- Global study indicates $1tn gap between available supply chain finance and funds in use
- Digitalisation of supply chain finance can help unlock opportunities for both buyers and suppliers
- It enhances visibility and transparency for all those involved, building greater trust in the process
- Key drivers of such solutions include lenders (banks), fintech providers and buyers (corporates)
- Digital supply chain finance solutions are expected to constantly evolve in keeping with market requirements
Digitalisation can help narrow the global gap between available supply chain finance and the funds currently in use, according to Reda Ezzat, senior vice-president – head of trade and structured finance at Mashreq Bank.
“There is a clear opportunity, a gap that we think can be bridged through the use of digital solutions in optimising the access to and implementation of supply chain finance products,” says Ezzat.
Nearly $1.8tn of supply chain finance is available globally, while only $713bn is currently in use, according to estimates by receivables finance analyst BCR Publishing.
Driven by both banks and corporate businesses, digital supply chain finance solutions have seen an increase in adoption in recent years.
“Supply chain finance has been around for a while, but it is really digitalisation of the process that has been the catalyst,” says Ezzat. “Technology has made the product much more viable, especially for corporates with deep and diversified supply chains.”
Studies conducted by McKinsey Global Company in 2020 highlight that more than 60 per cent of the total addressable trade finance market is concentrated in supply chain finance.
McKinsey further estimates that the future potential market for supply-chain finance stands at $17tn.
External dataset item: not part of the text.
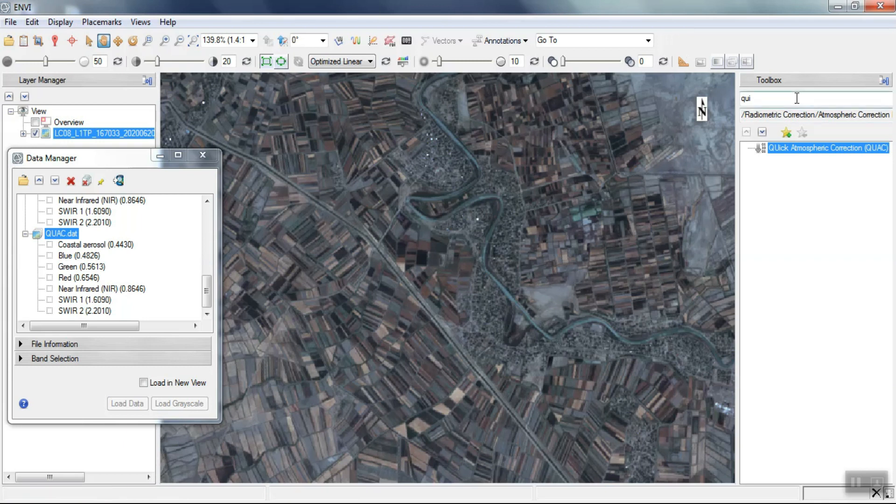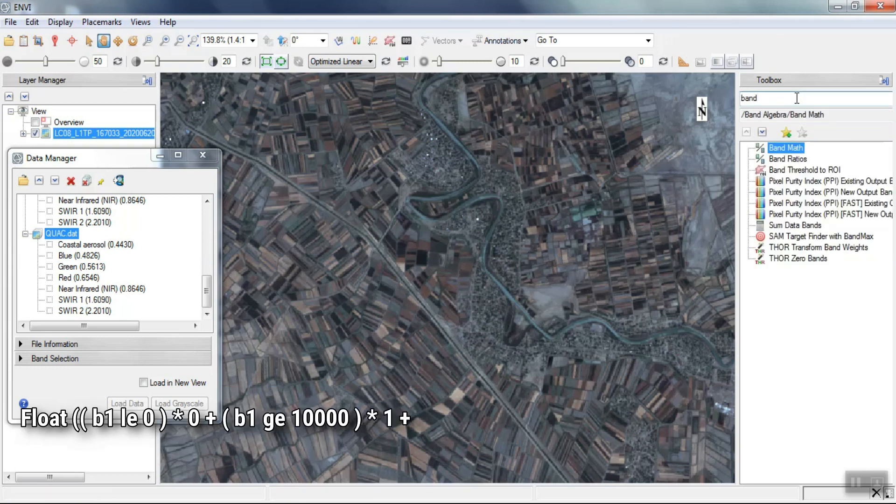Here we convert the DN of the images to the range between 0 and 1 using the following formula.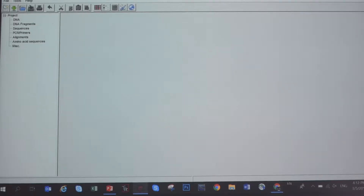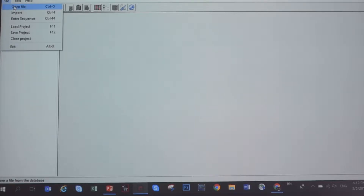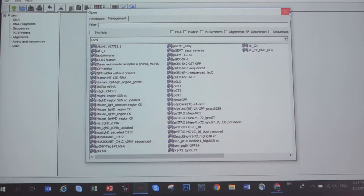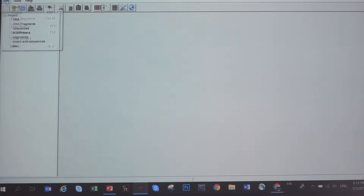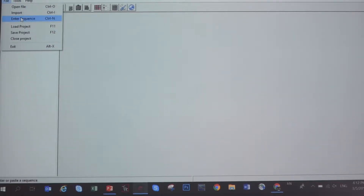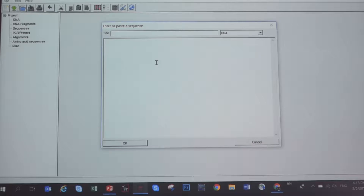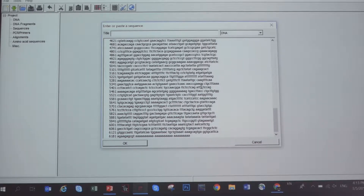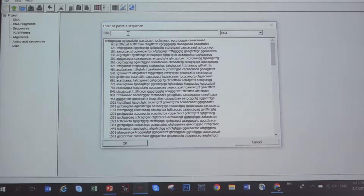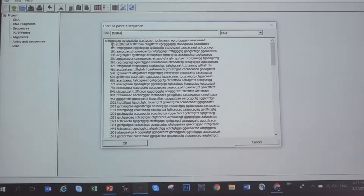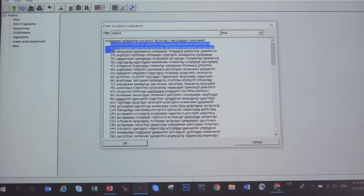Switch to the Geneious program. If you have not installed the program, you can pause the video to install it. Under File, click 'Enter Sequence', then paste using Control+V. Paste the sequence here and give it a title — this is a zebrafish insulin receptor sequence. In this FASTA sequence, don't worry about the numbers; the program will automatically filter out all the numbers.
The global gap in trade finance, however, further widened by the Covid-19 pandemic, could hamper access to this pool.
By introducing a technology platform as part of the wider product offering, banks and fintechs are now able to provide a more holistic value proposition that goes beyond merely financing against extended payment terms.
“Digitalisation allows greater visibility of cash flow, while complementing decision-making processes through the use of data analytics,” says Ezzat. “It also allows businesses to better align with reporting requirements.”
He also emphasises the need for CFOs and treasurers to recognise the value that supply chain finance can bring to the table and work jointly with their procurement partners to build more resilience and sustainability into their business.
“In an environment where the priority is to optimise the cost of finance, the relevant decision-makers must look at the bigger picture,” he says. “It is equally important to inculcate better buyer-supplier relationships, to build a more resilient ecosystem – and digital supply chain finance can be an effective way to do so.”